Meal frequency and athletic performance

Although evidence to support increased meal frequency in the general population remains mixed, several experts believe that eating small, frequent meals can benefit athletes. According to the International Society of Sports Nutrition, athletes who follow a reduced-calorie diet may benefit from eating small frequent meals with adequate protein because it can help preserve lean muscle mass.

In athletes, a higher meal frequency may improve performance, support fat loss, and improve body composition when total daily calorie intake is prioritised.

Diet quality

People who eat more frequently are more likely to have better diet quality.

Specifically, those who consume at least three meals per day are more likely to have a greater intake of vegetables, greens, legumes, fruit, whole grains, and dairy. These individuals are also more likely to consume less sodium and added sugars than those who consume two meals per day.

Similarly, another 2020 study published in the British Journal of Nutrition found that increased meal frequency — approximately three meals per day is associated with higher diet quality.

Researchers found that snack frequency and diet quality varied depending on the definition of snacks.

Is one better than the other?

Based on the presented studies, no substantial evidence supports one eating pattern over the other. Yet many of these studies also have limitations.

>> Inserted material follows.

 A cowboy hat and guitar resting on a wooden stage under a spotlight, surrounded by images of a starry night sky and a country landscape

For example, there is no universally accepted definition of what a meal or snack consists of. This can have an impact on study outcomes. With that said, both eating patterns can be beneficial as long the primary focus is on healthful eating habits.

Who should consume small, frequent meals?

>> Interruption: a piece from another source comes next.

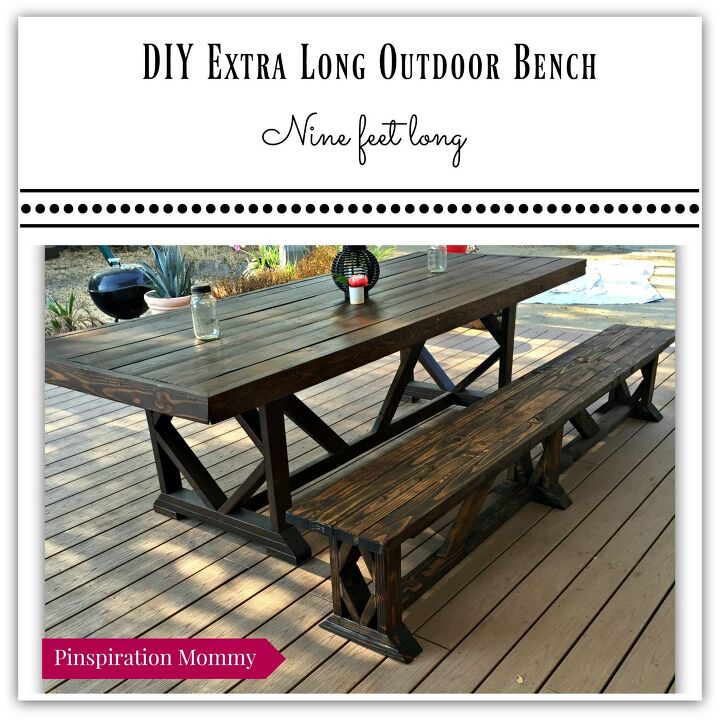 19 amazing diy ideas for the perfect outdoor bench, 11 Build a DIY Extra Long Outdoor Wood Bench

A review published in Nutrition in Clinical Practice shows that certain populations may benefit from six to 10 small, frequent meals. These include people who:

  1. experience early satiety
  2. are trying to gain weight
  3. have gastroparesis
  4. have gastrointestinal symptoms such as nausea, vomiting, or bloating.

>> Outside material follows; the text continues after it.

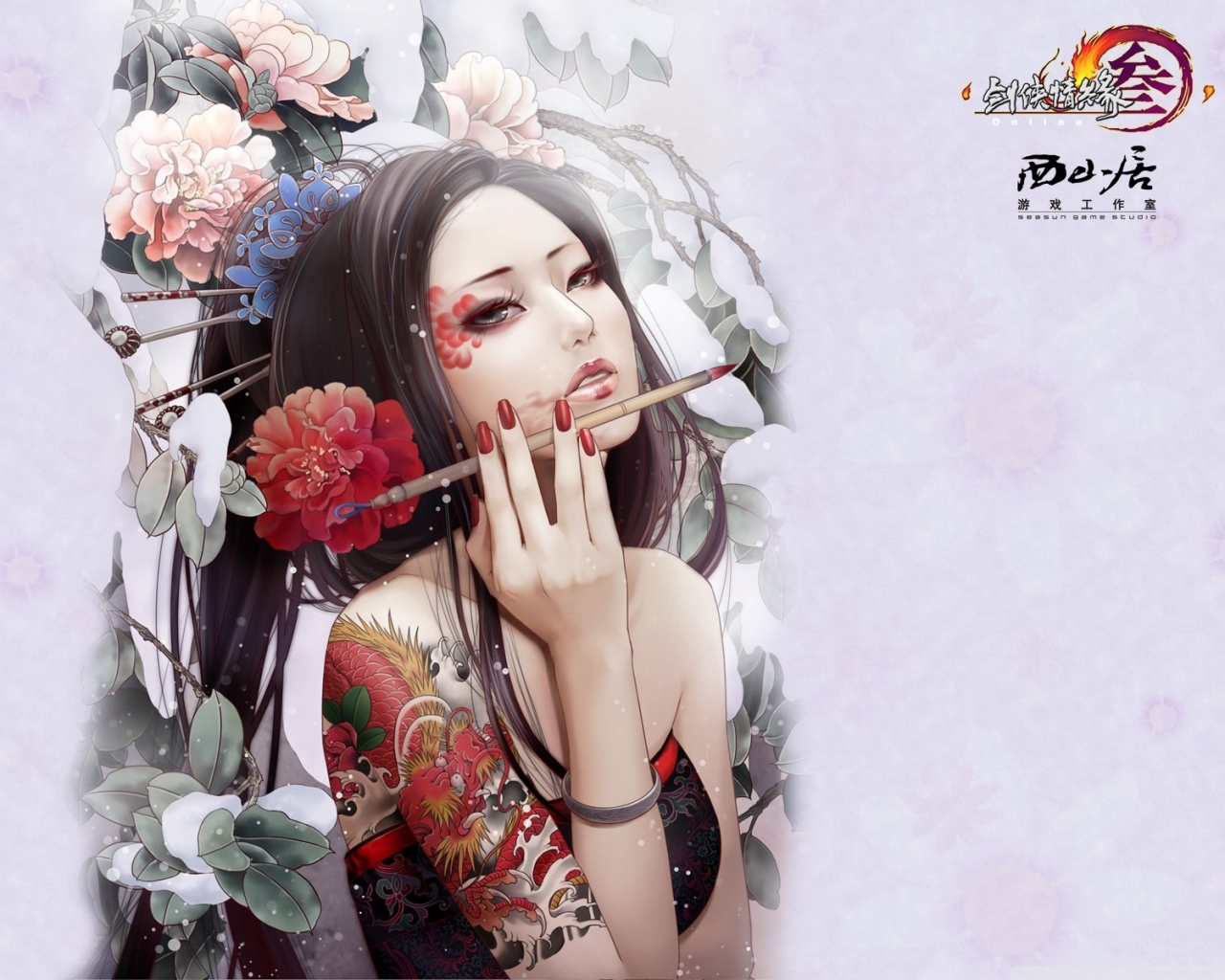 Modern Geisha Art - HD Wallpaper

If you want to lose weight, you must be mindful of your portion sizes. Make sure to stay within your daily calorie allowance and divide it evenly between meals. For example, if you require 1,800 calories per day to maintain your weight and choose to eat six small meals per day, each meal should contain approximately 300 calories. Small, frequent meals are frequently comprised of ultra-processed foods and snacks that are deficient in many essential nutrients required by your body. As a result, it is critical to concentrate on the quality of the foods you eat.

Who should consume fewer, larger meals? People who may benefit from three larger meals per day include:

  1. those who have difficulty practicing portion control
  2. those who tend not to eat mindfully
  3. people who live busy lives and may not have time to plan and prepare several nutritious mini-meals a day.

Again, keeping diet quality in mind and prioritizing whole foods is essential. Fewer meals mean fewer opportunities to get in key nutrients the body needs. While we do not have strong evidence to support the importance of meal frequency, substantial evidence supports the overall health benefits of following a well-balanced, nutrient-rich diet.

According to the Dietary Guidelines for Americans 2020–2025, a healthy diet should:

  1. emphasize fruits, vegetables, whole grains, and low-fat or fat-free milk or dairy products
  2. include protein from various sources, including seafood, lean meat and poultry, eggs, nuts, seeds, soy products, and legumes
  3. stay within your allotted calorie needs
  4. limit added sugars, cholesterol, trans fats, and saturated fats.

The bottom line

Evidence is mixed about the importance of food frequency. While there is no solid evidence to suggest that one eating style is superior to the other, both can offer health and wellness benefits if you follow a healthy eating pattern.

Thus, it ultimately comes down to personal preference and which approach works best for you. Additionally, if you have certain health conditions, one style may benefit you over the other.

As always, consult your healthcare provider before making any significant changes to your diet.